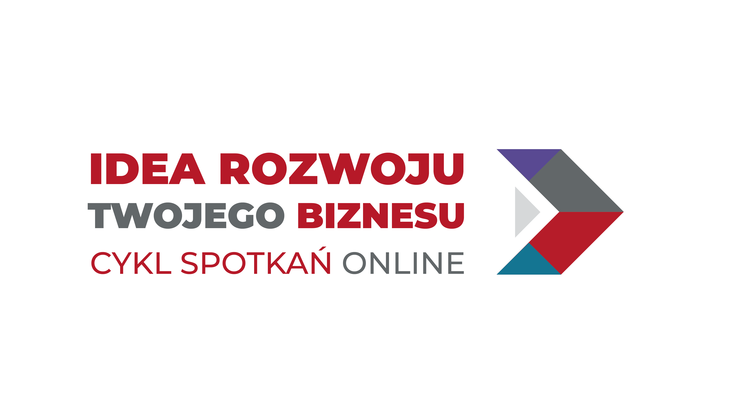 Idea Rozwoju Twojego Biznesu - logo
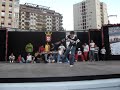 corzo y victor breakdance
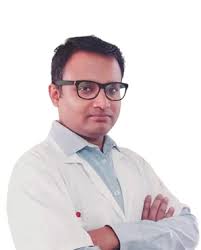 Dr. Abhishek Kumar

_____

:: REQUIRED ACTION ::
Would you transcribe all of the data exactly, apart from its pictures?

:: SOLUTION ::
 Idea Rozwoju Twojego Biznesu - logo
 corzo y victor breakdance
 Dr. Abhishek Kumar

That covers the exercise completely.